Öyle ya; insan Beytüşşebap'ta en uzun süre ayakta kalan adam olma gayretine girer de kendini bu yolda telef ederse, bu iş niçin İngiltere'den onay alsın?
Mengen sokaklarını kaplayacak kadar uzun bir börek pişirmek gibi akla ziyan bir işe soyunursa, bunun belgesi neden İngiltere'den gelsin?
Bu soruların cevabı, Britanya adalarında yaşayan ve bu özellikleri dolayısıyla yabancı barbar akınlarıyla sık sık uygarlıkları kesintiye uğratılmadığı için, yüzyıllar boyunca geleneklerini koruyabilen insanlarda gizli.
Bildiğiniz gibi Guinness, İrlanda'da içilen bir siyah bira markası.
Sisli, soğuk ve rutubetli İrlanda akşamlarında kendilerini pub'lara atıp da bira üstüne bira deviren köylülerin aralarındaki kavgaları önlemek için Guinness firması devreye girmiş.
Çünkü kafayı çeken köylüler, başlıyorlarmış itişip kakışmaya.
Biri diyormuş ki: "Bizim köyde bir adam var. Tam 130 yaşında."
Öteki köylü altında kalır mı?
"Bizim köydeki adam sizinkinden daha yaşlı" diyormuş. "Tam 142 yaşında!"
Derken, diğer köyler de devreye giriyormuş ve haydi sana bir kavga!
Camlar çerçeveler aşağıya iniyormuş.
Ertesi gün bir köylü "Bizde bir avcı var. Geçen gün tam 90 tavşan vurdu" deyince yine hırgür başlıyormuş.
"O da bir şey mi?

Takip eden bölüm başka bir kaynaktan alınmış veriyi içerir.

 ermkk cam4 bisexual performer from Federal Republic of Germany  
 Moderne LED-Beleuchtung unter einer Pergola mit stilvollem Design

Bizim avcımız 110 tavşanı birden vurdu!"
Hadi yine şangır şungur!
Sonunda köyler arası kavgalar ve iddialar o kadar artmış ki, biracı Guinness firması, köy meyhanelerine dağıtılmak üzere birkaç sayfalık, küçük bir broşür hazırlamış.
Broşürde, o civardaki en yaşlı kişi, en uzun köprü, en eski bina, en maharetli avcı, en çok bira içen adam, en kuvvetli erkek gibi çeşitli bilgiler bulunuyormuş ki, insanlar boş yere iddiaya girip birbirini kırmasın.
İrlanda köylerinde dağıtılmaya başlayan bu broşür zamanla gelişerek Guinness Rekorlar Kitabı olmuş ve bütün dünyada kırılan rekorların kayıt altına alındığı bir kaynak haline gelmiş.
***
Eğer Britanyalılar bu geleneğe sahip çıkmasalardı, bu küçük köy broşürü Manş Denizi'ni bile aşamadan kaybolup giderdi.
Ama sahip çıktılar, direndiler, "Bu bizim geleneğimiz!" dediler ve sonunda bütün dünyaya kabul ettirdiler.
Aynen diğer gelenekleri gibi.
İnanın bana; dünyanın en büyük yazarı sayılan William Shakespeare bile ününün çoğunu, ülkesinin ona sahip çıkmasına borçludur.
Biz aynı konumda olsak ve Yunus Emre üzerinde Shakespeare kadar ısrar etsek, dünya bu ulu ozanın önünde eğilmez miydi?
Ya Mevlana, ya Fuzuli, ya Baki, ya Şeyh Galip?
Ama ne yazık ki İtalya Dante'sini, İspanya Cervantes'ini dünyaya sunmaya çalışırken, biz varolan büyük kültür hazinelerimizi hangi mahzenlere gömeceğimizi bilemedik .
Ve sonunda değişen alfabe ve dilimizle, dedelerimizi bile okuyamaz hale geldik.
***
Türkiye'nin sorunu bir kültür sorunudur! Uygarlığın kesintiye uğramadan devam ettirilmesi ve bıçak gibi kesilip atılmadan, katkılarla ve çağın gerekleriyle zenginleştirilmesi meselesidir.
Eğer kaide yerli yerinde duruyorsa, üzerindeki heykeli alabildiğince zenginleştirebilirsiniz.
Ama hiç kaidesi olmayan, yani havada duran heykel gördünüz mü?